All that is needed is every record, duplicated exactly.

Start of Supplied material

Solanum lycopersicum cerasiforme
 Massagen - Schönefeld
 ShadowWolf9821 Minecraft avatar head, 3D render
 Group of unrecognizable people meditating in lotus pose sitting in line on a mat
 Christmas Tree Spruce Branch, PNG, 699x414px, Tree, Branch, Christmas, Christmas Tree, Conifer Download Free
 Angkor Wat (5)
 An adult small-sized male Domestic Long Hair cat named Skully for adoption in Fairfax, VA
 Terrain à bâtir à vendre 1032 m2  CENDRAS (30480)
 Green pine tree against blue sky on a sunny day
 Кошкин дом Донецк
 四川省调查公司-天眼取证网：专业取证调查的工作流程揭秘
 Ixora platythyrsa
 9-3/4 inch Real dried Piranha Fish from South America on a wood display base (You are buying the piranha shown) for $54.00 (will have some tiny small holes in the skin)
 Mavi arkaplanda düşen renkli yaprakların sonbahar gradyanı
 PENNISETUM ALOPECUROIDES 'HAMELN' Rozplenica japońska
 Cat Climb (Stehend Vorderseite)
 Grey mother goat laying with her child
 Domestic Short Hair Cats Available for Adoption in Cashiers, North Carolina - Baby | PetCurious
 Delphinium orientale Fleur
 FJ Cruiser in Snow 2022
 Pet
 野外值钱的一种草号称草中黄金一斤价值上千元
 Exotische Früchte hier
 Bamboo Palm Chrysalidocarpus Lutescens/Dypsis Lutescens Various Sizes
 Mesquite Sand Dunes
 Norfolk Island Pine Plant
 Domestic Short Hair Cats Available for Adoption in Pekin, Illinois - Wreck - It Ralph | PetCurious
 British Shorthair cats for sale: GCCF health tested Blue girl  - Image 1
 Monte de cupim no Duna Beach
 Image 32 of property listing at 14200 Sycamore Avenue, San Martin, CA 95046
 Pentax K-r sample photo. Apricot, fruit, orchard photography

End of Supplied material

> _Result for this exercise_
Solanum lycopersicum cerasiforme
 Massagen - Schönefeld
 ShadowWolf9821 Minecraft avatar head, 3D render
 Group of unrecognizable people meditating in lotus pose sitting in line on a mat
 Christmas Tree Spruce Branch, PNG, 699x414px, Tree, Branch, Christmas, Christmas Tree, Conifer Download Free
 Angkor Wat (5)
 An adult small-sized male Domestic Long Hair cat named Skully for adoption in Fairfax, VA
 Terrain à bâtir à vendre 1032 m2  CENDRAS (30480)
 Green pine tree against blue sky on a sunny day
 Кошкин дом Донецк
 四川省调查公司-天眼取证网：专业取证调查的工作流程揭秘
 Ixora platythyrsa
 9-3/4 inch Real dried Piranha Fish from South America on a wood display base (You are buying the piranha shown) for $54.00 (will have some tiny small holes in the skin)
 Mavi arkaplanda düşen renkli yaprakların sonbahar gradyanı
 PENNISETUM ALOPECUROIDES 'HAMELN' Rozplenica japońska
 Cat Climb (Stehend Vorderseite)
 Grey mother goat laying with her child
 Domestic Short Hair Cats Available for Adoption in Cashiers, North Carolina - Baby | PetCurious
 Delphinium orientale Fleur
 FJ Cruiser in Snow 2022
 Pet
 野外值钱的一种草号称草中黄金一斤价值上千元
 Exotische Früchte hier
 Bamboo Palm Chrysalidocarpus Lutescens/Dypsis Lutescens Various Sizes
 Mesquite Sand Dunes
 Norfolk Island Pine Plant
 Domestic Short Hair Cats Available for Adoption in Pekin, Illinois - Wreck - It Ralph | PetCurious
 British Shorthair cats for sale: GCCF health tested Blue girl  - Image 1
 Monte de cupim no Duna Beach
 Image 32 of property listing at 14200 Sycamore Avenue, San Martin, CA 95046
 Pentax K-r sample photo. Apricot, fruit, orchard photography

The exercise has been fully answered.